Tate Modern has launched a multimedia tour of the collection displays, the first of its kind in a UK museum. After three years of trials the Bafta award-winning product is now complete.

Delivered on a handheld computer or PDA (personal digital assistant), the tour covers all floors of the permanent collection and includes more than four hours of content about highlights on display. In 2002 Tate was the first museum in the UK to pilot a tour like this and now becomes the first to introduce it as a fully-fledged information tool for visitors. The tour is sponsored by Bloomberg and developed in collaboration with Antenna Audio.

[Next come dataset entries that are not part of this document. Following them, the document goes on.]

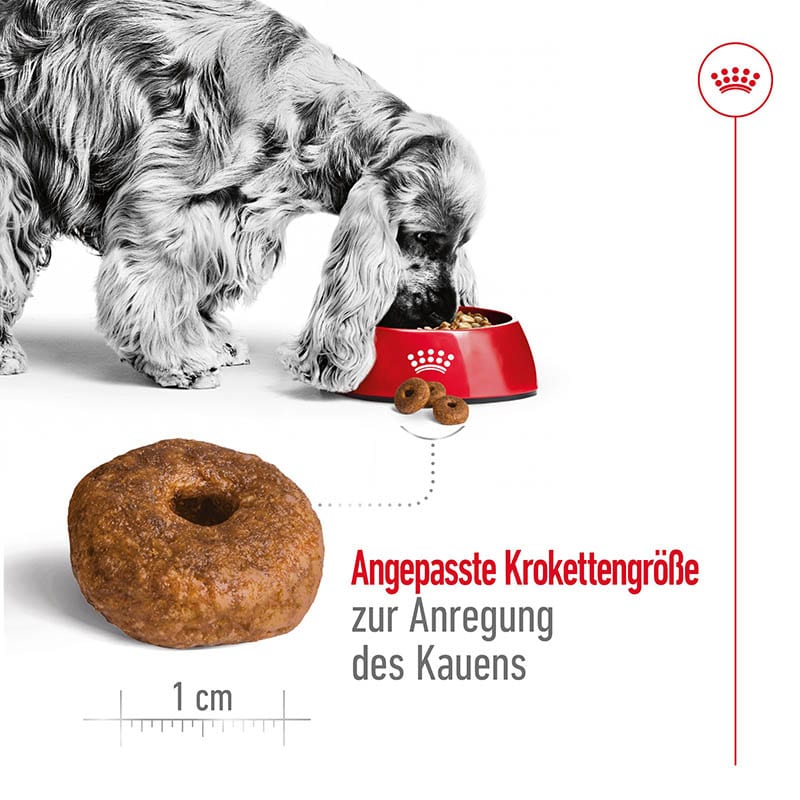 Royal Canin Medium Ageing 10+ Trockenfutter für ältere mittelgroße Hunde_3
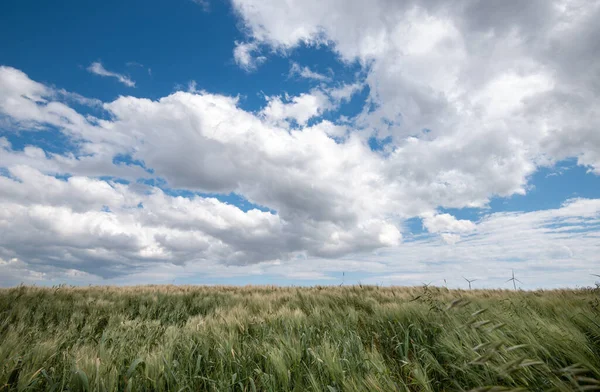 Grüne Landwirtschaft Getreidefeld gegen wolkenverhangenen Himmel im Frühling — Stockfoto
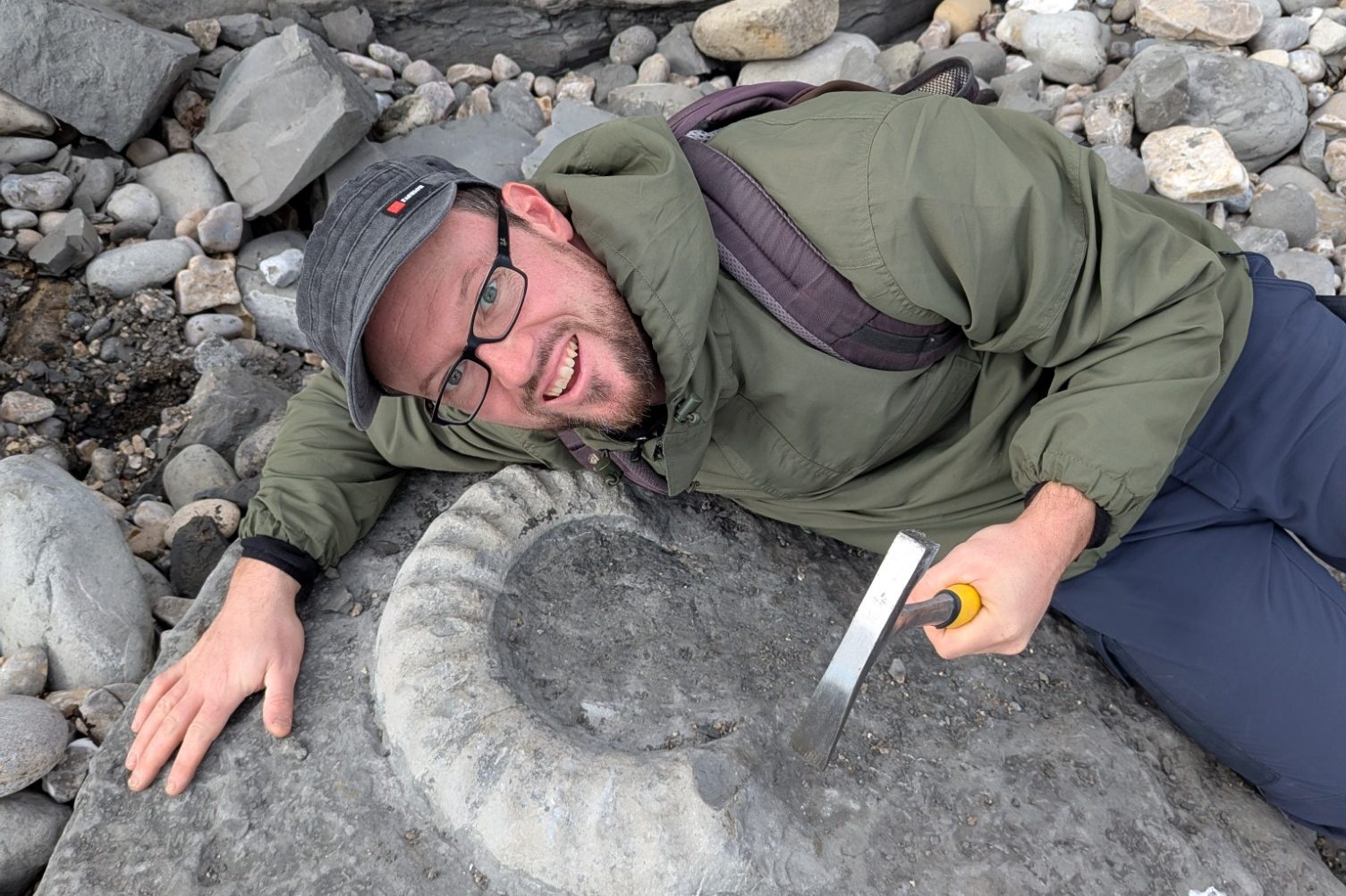 Versteinerte Fossilien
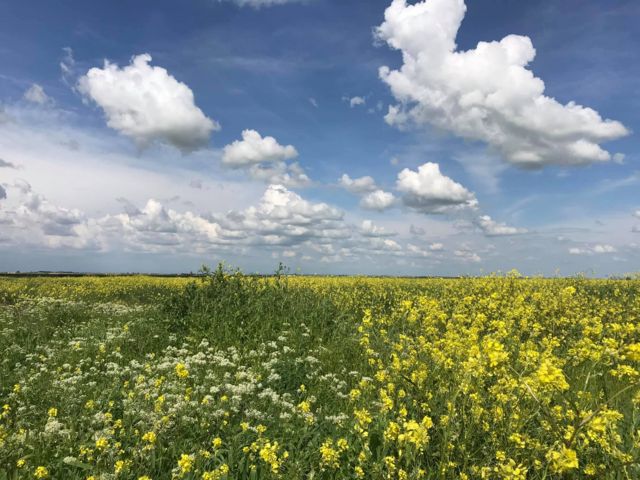 countryside near Raqqa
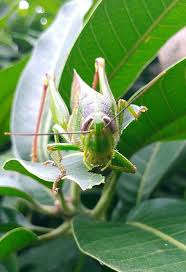 Check spelling or type a new query. Grasshopper Eating Mango Leaves Steemit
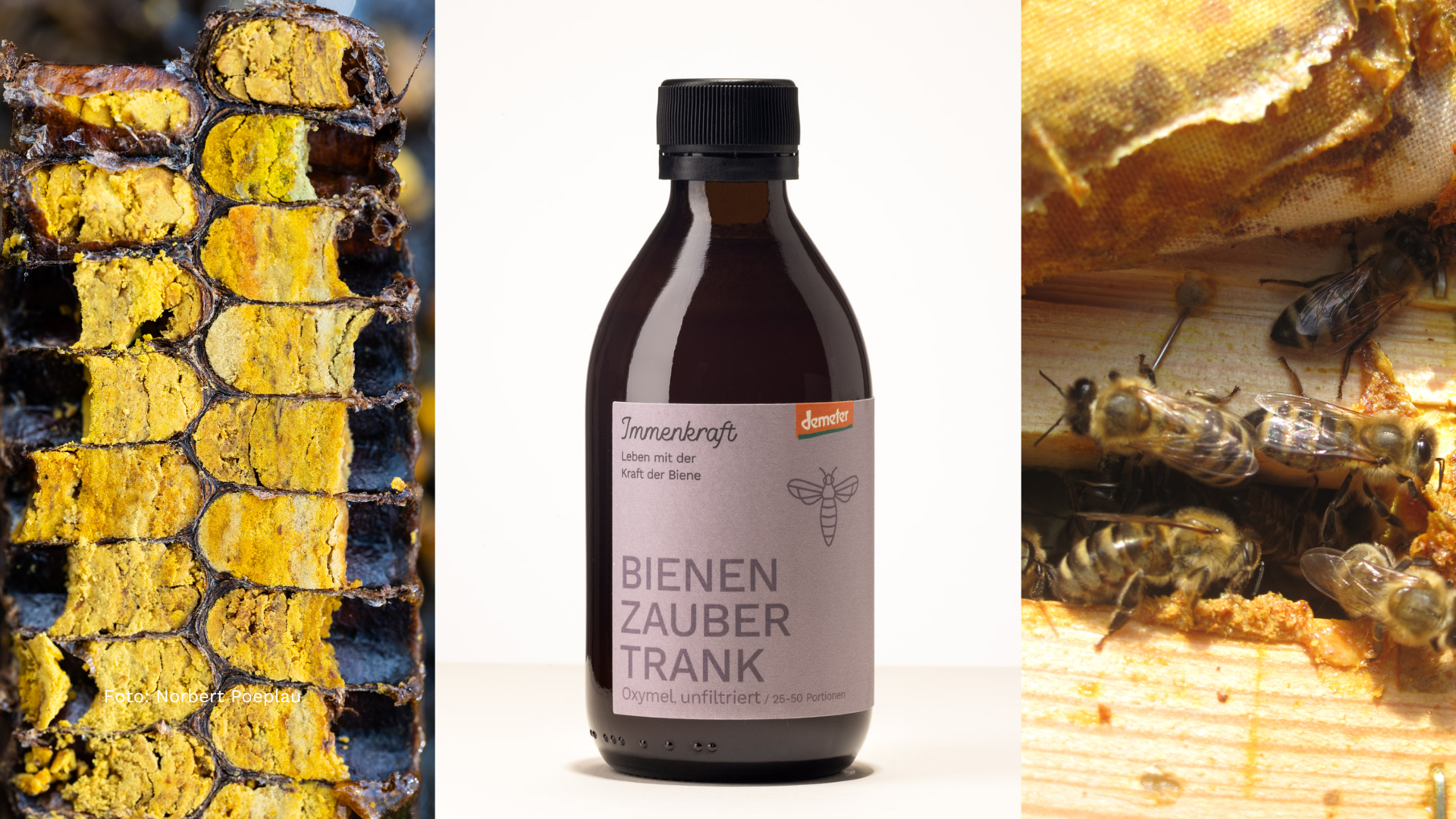 Ein dreigeteiltes Bild: links eine Bienenbrot-Wabe im Querschnitt angeschnitten, so dass man die verschiedenen Schichten sehen kann, in der Mitte eine Flasche Demeter Bienenzaubertrank-Oxymel, rechts ein Ausschnitt aus einem Bienenvolk: man sieht ein paar Bienen auf den Holzrähmchen laufen und frisch abgelagerte Propolis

Holding the PDA in the palm of their hand as they walk round the galleries, visitors can see videos and images that provide additional context for the art. They can also take part in interactive games and opinion polls, and play art-related music. If they find an artwork particularly interesting, they can ask the PDA to email further details about it to their home email address.

Highlights of the tour include interviews with artists such as Tony Cragg, Christian Boltanski, Mark Dion, Richard Hamilton, Howard Hodgkin, Miroslaw Balka and Joseph Beuys, as well as video footage of artists at work and interactive games, such as Exquisite Bodies, which was invented by the Surrealists, and a quiz on Andy Warhol's famous aphorisms;

There is a jukebox which includes Jake and Dinos Chapman's specially created soundtrack, the jazz that inspired Jackson Pollock and classical music written for Rothko's paintings.

Alongside the Multimedia Tour, Tate will offer a new tour in British Sign Language (BSL) for deaf people which will be launched on 14 March. Last year, the first trial version of this was extremely popular with deaf visitors, who appreciated being able to access on-demand information in BSL, their preferred language.

Using handheld computers to deliver this range of multimedia content means that visitors have a discreet way of gaining access to the information they choose at their own pace. The content has been carefully created to ensure that the flow of information directs visitors back to looking at the artwork itself, and evaluation shows that the tour encourages users to spend longer in the galleries.